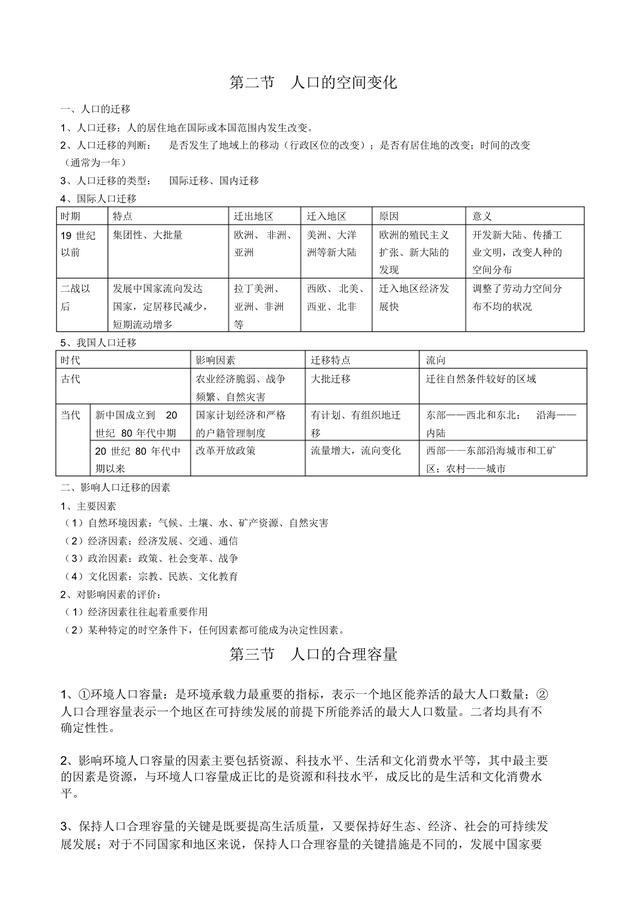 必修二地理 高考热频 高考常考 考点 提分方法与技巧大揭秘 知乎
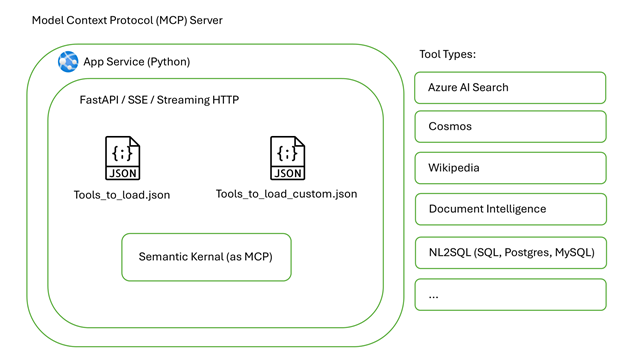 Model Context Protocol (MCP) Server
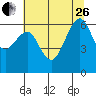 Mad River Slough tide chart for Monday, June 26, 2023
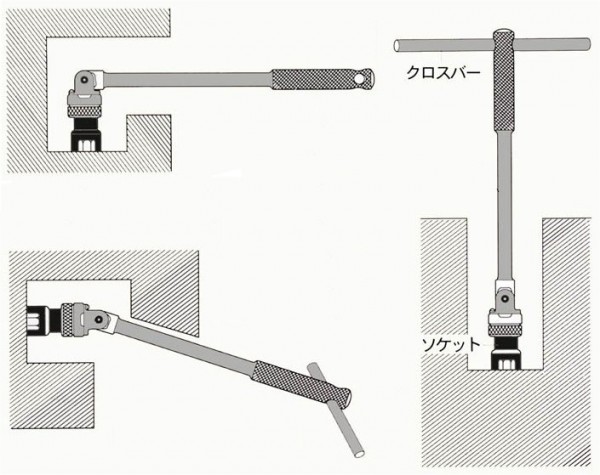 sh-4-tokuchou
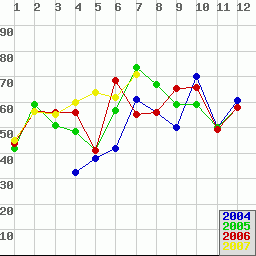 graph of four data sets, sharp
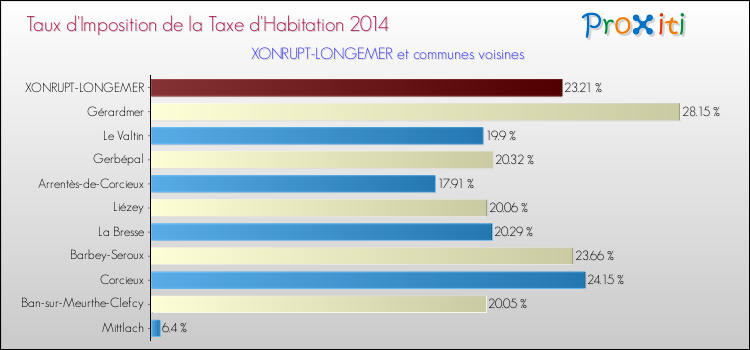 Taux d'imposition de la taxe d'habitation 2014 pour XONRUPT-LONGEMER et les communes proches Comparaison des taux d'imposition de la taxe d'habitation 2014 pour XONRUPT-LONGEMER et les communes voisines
********************
Write out exactly the lines from the line holding "graph of four data sets, sharp" through the last line of the records above, inclusive, and nothing more. Leave out the pictures.

 graph of four data sets, sharp
 Taux d'imposition de la taxe d'habitation 2014 pour XONRUPT-LONGEMER et les communes proches Comparaison des taux d'imposition de la taxe d'habitation 2014 pour XONRUPT-LONGEMER et les communes voisines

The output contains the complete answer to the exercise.